But the most telling sign of the industry's improved outlook is that sales of LCD-TVs in the first half of the year grew more than expected, causing manufacturers and analysts to raise forecasts for full-year sales by about 20%, to around 22 million units.
Desktop PC monitors and notebook screens account for most of the LCDs: 140 million screens were sold last year, compared with about 10 million for TVs. Still, manufacturers and investors are paying increased attention to the TV market, in which the screens are larger, more expensive and more profitable. In addition, most of the industry's capital investment in the past two years has been on factories to produce screens for TVs. After the strong first half for LCD-TVs, manufacturers are optimistic that the second half, when TV sales accelerate and climax during the year-end holidays, will be even better.
Volume efficiencies coming from the new flat-screen factories are driving prices of the key component lower, and that is spilling over to prices for the finished TVs. CLSA's Mr. Kim notes that average retail prices for LCD-TVs are now about four times that of ordinary TVs. For smaller and less expensive models, in the 51-inch-screen size and below, the LCD versions cost just two to three times as much. Not that many years ago, LCD-TVs generally cost about eight to 10 times more than ordinary ones.

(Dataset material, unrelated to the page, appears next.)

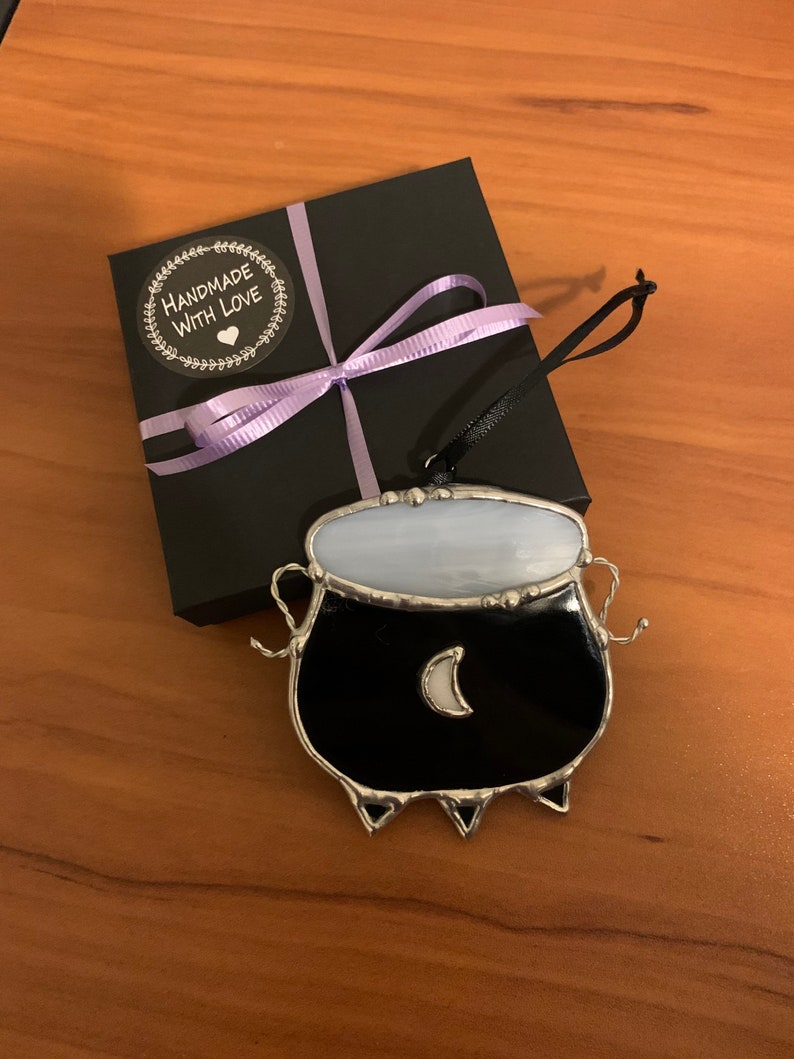 May include: A black stained glass cauldron ornament with a white crescent moon and a purple ribbon on a black gift box with a "Handmade with Love" sticker.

Four years ago, when LCD computer monitors cost about three times as much as comparable tube versions, sales of the flat-screen models took off.
"It gains some form of traction or mass at that point where somehow, consciously or unconsciously, the new product is purchased by more people," Mr. Kim says.
At the same time, the steadier pricing environment for computer monitors is helping the LCD industry. After the sharp drops of late 2004, wholesale prices for 43-inch screens, the biggest sellers by volume, are up $20 to $170 from the start of this year.
So how high can the profits go, as the panel makers emerge from the latest downturn?
At Samsung Electronics, the No. 2 maker of LCD screens by revenue this year, history indicates there's significant room for profit growth. In the second quarter this year, its LCD business had operating margins of only 1%. Discussing second-quarter results with analysts last week, a Samsung executive said its average operating-profit margin from LCD production from 2000 to 2005, when the industry went through two full turns of its price and profit cycle, was 15%.
The company recently forecast improvement over the next six months, and its shares -- influenced also by perceptions of Samsung's chip and cellphone businesses -- have risen 3% in the past two days.